L’idée de « coréanisation » du conflit russo-ukrainien renvoie à un scénario où la guerre ne se termine ni par une victoire claire, ni par un véritable traité de paix, mais par une ligne de front figée, militarisée et durable — à l’image de la péninsule coréenne depuis 1953.
Dans cette lecture, l’Europe entrerait alors dans une logique de « vietnamisation budgétaire » : non pas une guerre totale sur son sol, mais une implication financière, industrielle et stratégique chronique, sans horizon de sortie clair.
1. La « coréanisation » : un conflit gelé mais jamais terminé
La comparaison avec la Corée ne signifie pas nécessairement une paix, mais plutôt :
- un cessez-le-feu de facto ;
- des frontières militarisées ;
- une tension permanente ;
- des incidents réguliers ;
- une économie de guerre durable.
Dans ce scénario :
- l’Ukraine resterait partiellement occupée ;
- la Russie conserverait certains territoires ;
- l’OTAN continuerait à armer Kiev ;
- Moscou maintiendrait une pression militaire constante ;
- l’Europe vivrait sous une menace stratégique permanente à l’Est.

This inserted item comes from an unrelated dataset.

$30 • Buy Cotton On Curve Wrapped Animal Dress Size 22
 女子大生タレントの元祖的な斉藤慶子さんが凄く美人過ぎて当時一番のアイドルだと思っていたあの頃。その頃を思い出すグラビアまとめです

Autrement dit : la guerre cesse d’être un événement exceptionnel et devient une condition structurelle de la géopolitique européenne.
2. Pourquoi cela pourrait « vietnamiser » le budget européen
La « vietnamisation » ici n’est pas militaire au sens américain des années 1960-70, mais financière et institutionnelle.
L’idée centrale est la suivante : une dépense d’urgence devient une dépense permanente.
Comme au Vietnam pour les États-Unis :les coûts s’additionnent progressivement, chaque année paraît « gérable », mais l’accumulation sur plusieurs décennies devient gigantesque.
3. Les postes de dépenses potentiellement permanents
A. Le réarmement européen structurel
L’Europe entre déjà dans une phase de réindustrialisation militaire :
- hausse des budgets de défense ;
- production d’obus ;
- systèmes antimissiles ;
- cybersécurité ;
- drones ;
- infrastructures logistiques.
Des pays comme la Pologne, l’Allemagne ou la France révisent profondément leur doctrine stratégique.
Le problème budgétaire :
- ce type d’investissement crée des dépendances politiques ;
- une fois l’appareil militaro-industriel lancé, il devient difficile de revenir en arrière ;
- les dépenses exceptionnelles deviennent des normes.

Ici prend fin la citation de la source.